To sum up, we found that deviation in the dragging task is closely related to the moving direction of the finger. Also, there will be a large standard deviation in the direction of movement.

Similar phenomonon occured in the following experiments (3,4).

Due to the limitation of hands' movement, the points are denser at about -30 degree of the 6 configurations. In addition, we compared the Eulidean distance between the ground truth positions and the landing points. In configuration 3, the distances are: 27.3790、44.3147、46.1790、51.2296、53.8679、43.0804. In configuration 4, the distances are: 46.5546、41.0050、51.0400、69.6366、44.2386、35.4826. Astonishingly, some deviations are twice as the others, which also indicates that our finger movement follows a certain pattern by which we could trace or predict potential landing points. That could definitely help us to construct one-hand operation settings.

Experiment 2

On the second experiment, we are going to determine the intention to long press. It is the trade-off between efficiency and correctness that makes this experiment indispensible, since too much the time to be recognized as a long-press makes the operation inefficient, while too less the time makes error rate incredibly high. To strike a balance, we recorded the error rate while the subjects were trying to long press. We adopted 6 different thresholds--0.100, 0.135, 0.170, 0.205, 0.240, 0.275 second respectively--and the results are shown below:

Obviously, 0.24 second is the knee point and we picked it as the time required for users' intention for long pressing.

Experiment 3

On the thrid experiment, we are going to find out the required time for our method and usual method to unlock and activate apps.
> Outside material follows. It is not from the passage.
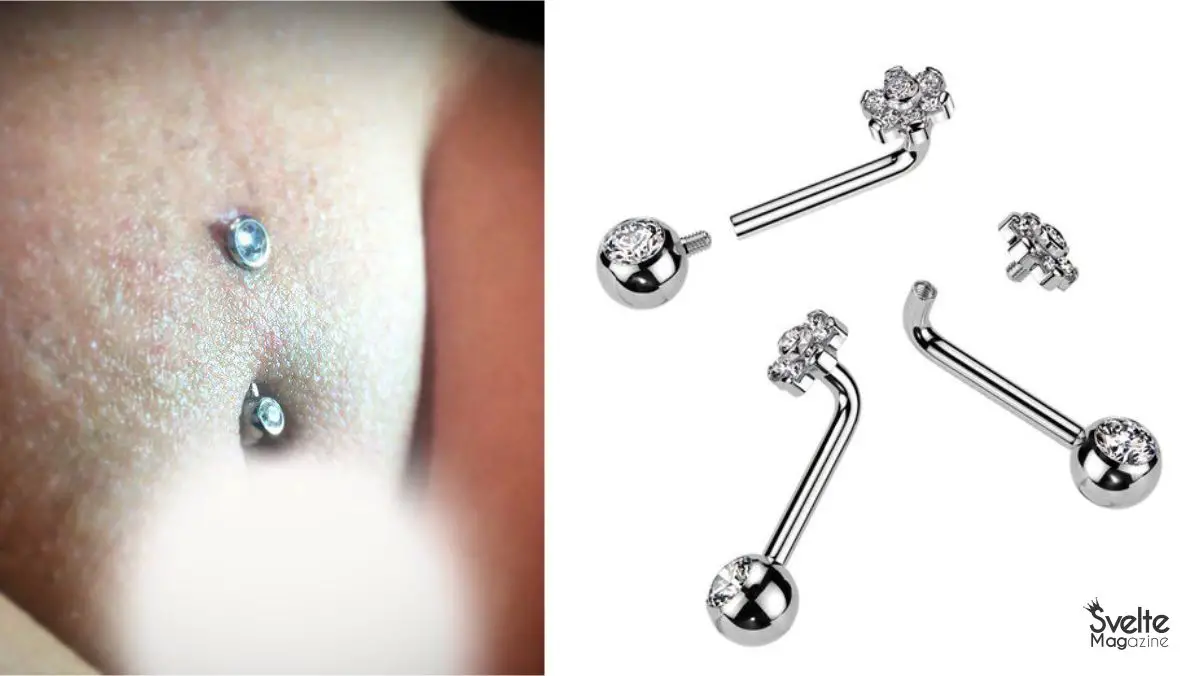 Christina Piercing: Everything You Need to Know About it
The graph below shows the difference:

The differences in time (3.8%、3.3%、2.5%、1.7%) between the two settings are not significant. Further, we think that the decreasing trend of the percentage of differences is, less or more, related to the subjects’ familiarity toward the tasks. The subjects might be more adroit at the task with similar settings on the afterward experiments so they took less time on the tasks.

Conclusion

We designed a set of experiments to help us understand users' behavior on pattern locks. Also, we conducted experiments on landing points, responsive time and operation time. Although the outcomes indicated our failure on reducing the operation time, I believe those results could be useful in the study of one-hand operation.